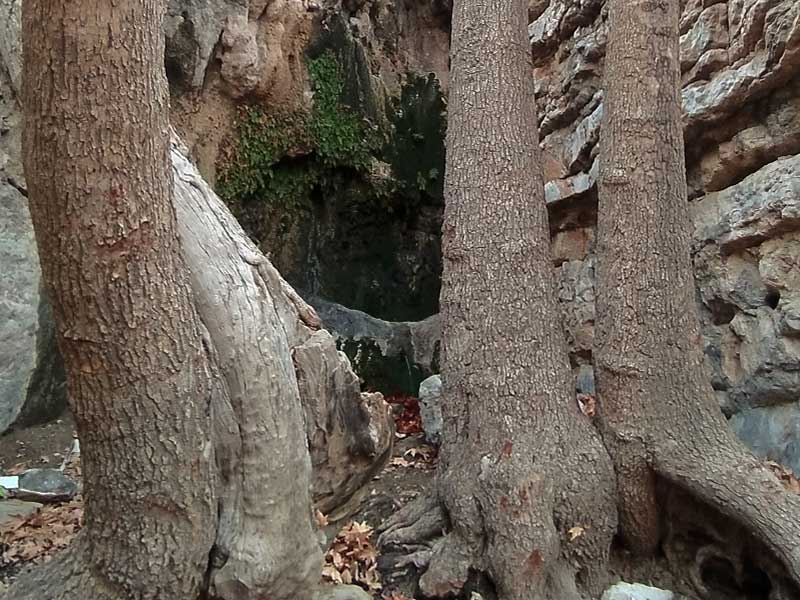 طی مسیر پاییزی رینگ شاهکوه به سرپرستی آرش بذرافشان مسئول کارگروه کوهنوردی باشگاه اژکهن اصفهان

┄┄┄┄┄┄┄┄┄┄

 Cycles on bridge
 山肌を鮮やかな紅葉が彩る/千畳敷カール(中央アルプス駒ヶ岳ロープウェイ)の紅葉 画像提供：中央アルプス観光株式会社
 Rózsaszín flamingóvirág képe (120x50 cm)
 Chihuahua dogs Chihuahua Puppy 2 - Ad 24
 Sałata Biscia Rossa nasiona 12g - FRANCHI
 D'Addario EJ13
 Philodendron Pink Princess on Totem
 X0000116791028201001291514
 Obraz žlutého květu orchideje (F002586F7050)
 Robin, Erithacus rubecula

┄┄┄┄┄┄┄┄┄┄

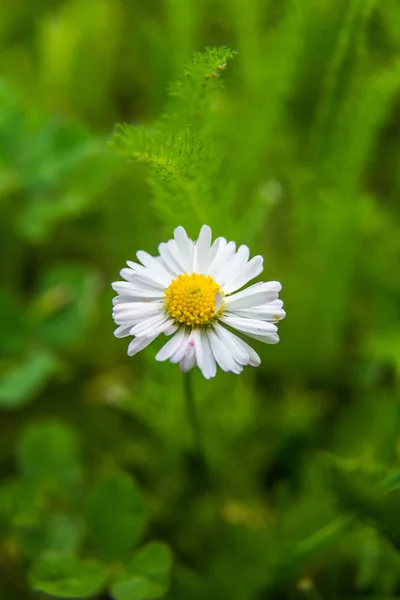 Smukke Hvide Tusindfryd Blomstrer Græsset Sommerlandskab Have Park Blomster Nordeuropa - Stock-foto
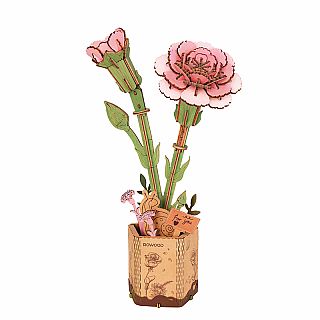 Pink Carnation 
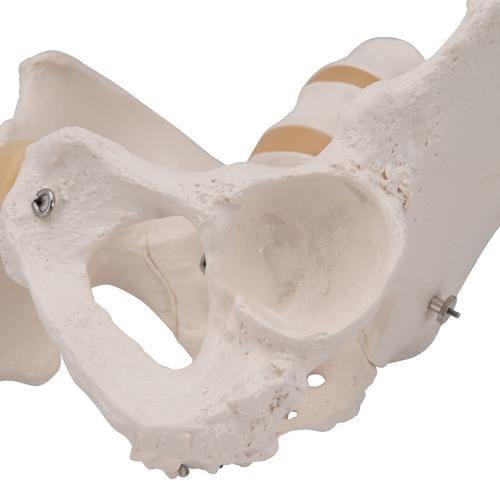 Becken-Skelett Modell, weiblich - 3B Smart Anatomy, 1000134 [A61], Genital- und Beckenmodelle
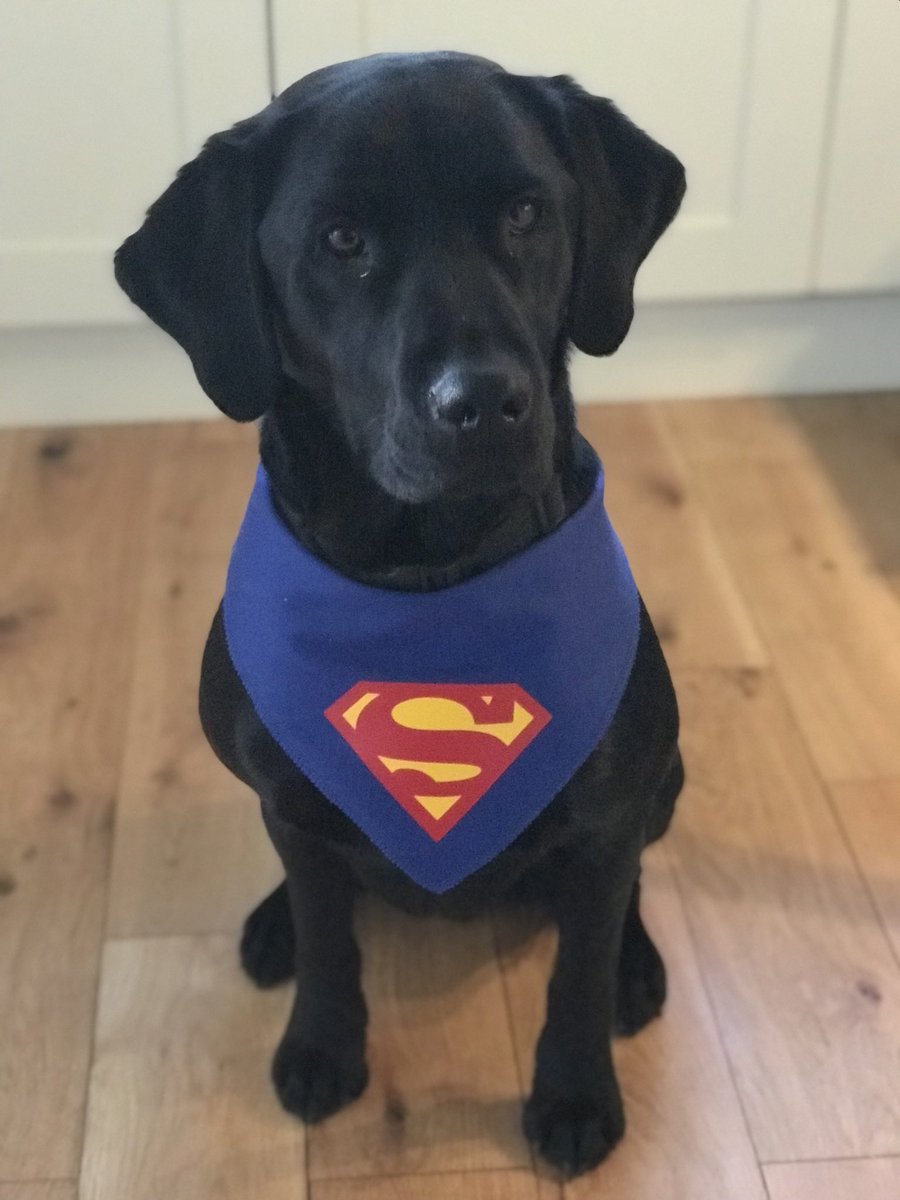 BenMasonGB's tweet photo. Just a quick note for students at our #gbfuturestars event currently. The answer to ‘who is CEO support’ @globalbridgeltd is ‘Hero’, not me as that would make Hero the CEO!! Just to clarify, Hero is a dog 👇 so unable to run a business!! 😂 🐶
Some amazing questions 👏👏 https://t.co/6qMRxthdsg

┄┄┄┄┄┄┄┄┄┄

### TRY IT
In the material above, locate the line containing "Rózsaszín flamingóvirág képe (120x50 cm)" and the line containing "Robin, Erithacus rubecula". Transcribe exactly those two lines and every line between them, and nothing more.

### ANSWER SECTION
 Rózsaszín flamingóvirág képe (120x50 cm)
 Chihuahua dogs Chihuahua Puppy 2 - Ad 24
 Sałata Biscia Rossa nasiona 12g - FRANCHI
 D'Addario EJ13
 Philodendron Pink Princess on Totem
 X0000116791028201001291514
 Obraz žlutého květu orchideje (F002586F7050)
 Robin, Erithacus rubecula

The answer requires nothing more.